One downside is that we have a special challenge in raising sufficient scaling capital (which would normally be several million Euros for a project like ours). It is not impossible, it just requires convincing a lot of people. In some moments, we have done quite well in convincing the crowd that we need to push together to create something big. At other points it got much more difficult, in particular when things took much longer than we had expected.
This poses quite a significant challenge, you need sufficient funds to create a product that fascinates the crowd and you need a reasonably convinced crowd to raise these funds. However I think we are on the right track, thanks to the enormous support of many people and in particular, the enormous efforts invested by our team and external volunteers.
How do you measure your social impact?
By the size of the market share that we have taken over from Amazon & co. Thus so far not a whole lot…
But we have achieved other positive impact, for example by spreading our model. There are four more coops 2.0 now, and we continue consulting other young startups who pick up the coop-model, despite its still dusty reputation in Germany. (While being the most progressive legal structures our society has yet developed).
And in 2014 we did our first balance of common goods “Gemeinwohlbilanz”, a tool to measure the social impact of any business though a variety of indicators.
How are you financed and how do you plan to finance yourselves long-term?
We are financed through the shares of our 1900+ members plus some private loans by our members. More than half of the shares we raised through crowdinvesting campaigns.
Of course, on the long-term Fairmondo needs to sustain itself fully through its business. To achieve that more quickly, we have just launched a new product, a system of monthly subscriptions to baskets of fair and sustainable goods. Behind the baskets are a strategy that involve local shops and transport by cargo-bikes, if you’re interested in learning more, you can check it out here.
You’ve earned substantial sums through your crowdfunding campaigns, how do you motivate people to support you?
We asked our members, and by far the most important motivation for them is our vision: To create a fair, democratic large-scale enterprise that becomes a true alternative to the currently dominating online-marketplaces.
I think it also helps that we try to be as transparent as possible, including talking about our mistakes.
Every endeavor has its ups and downs, was there ever a low point and if so, how did you overcome it?

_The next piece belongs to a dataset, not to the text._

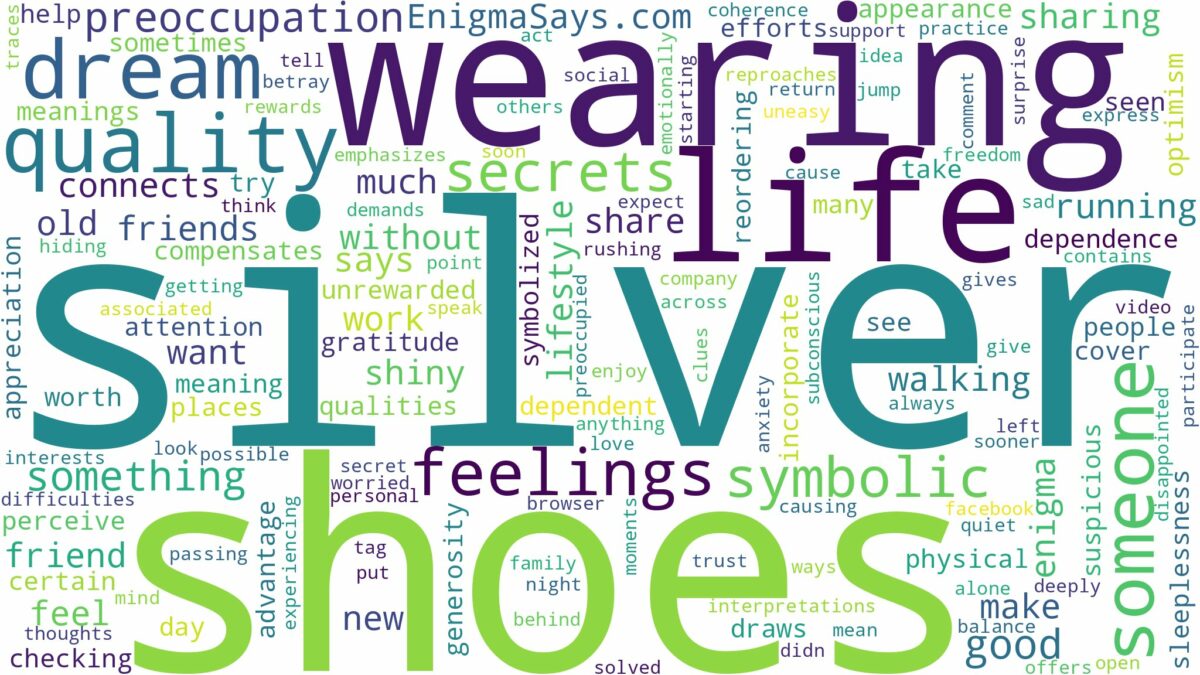 dreaming of wearing silver shoes and related dreams with their meanings in a word cloud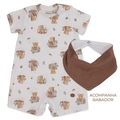 Macacão Manga Curta e Babador Suedine Masculino – Ursinhos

Oh yes, we had ups and downs and many more will come! A low point was at the end of 2013, when we had just launched our second big crowd funding campaign to finance the next year. The problem was not so much that we had run out of money or that our trademark was challenged. It was rather a collective low in the motivation and energy of the team. Which then had negative effects on all other issues, in particular our campaign. We had worked unpaid before and we had taken absurd challenges before, but you need some inner strength for doing that.

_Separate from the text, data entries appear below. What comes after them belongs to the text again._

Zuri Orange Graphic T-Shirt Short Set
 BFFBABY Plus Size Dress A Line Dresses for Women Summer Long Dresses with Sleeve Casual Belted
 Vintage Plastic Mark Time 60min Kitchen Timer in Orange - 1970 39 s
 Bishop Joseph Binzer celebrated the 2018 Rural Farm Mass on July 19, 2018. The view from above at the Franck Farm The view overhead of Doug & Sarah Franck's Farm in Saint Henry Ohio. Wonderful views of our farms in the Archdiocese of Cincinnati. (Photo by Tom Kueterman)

The whole of last year we worked on an extremely tight budget and finally had to radically cut paying ourselves again. Some people left, but with the remaining team we have a much better spirit than in the last crisis. This makes me optimistic that we will eventually succeed.
What are three learnings you would share with other social entrepreneurs?
First: Don’t overwork yourself. If you get into that situation, it comes at the expense of the strategic overview. And that weakens every aspect of your project.
Second: Have the courage to delegate and let people help you. But never forget that you are still responsible for the things you delegated and for making sure they work in the end.
Third: Carefully reflect on the expectations you create. Not what you actually say, but what others understand. Managing expectations once they are there (even if you never promised them) is much harder than (unintentionally) creating them.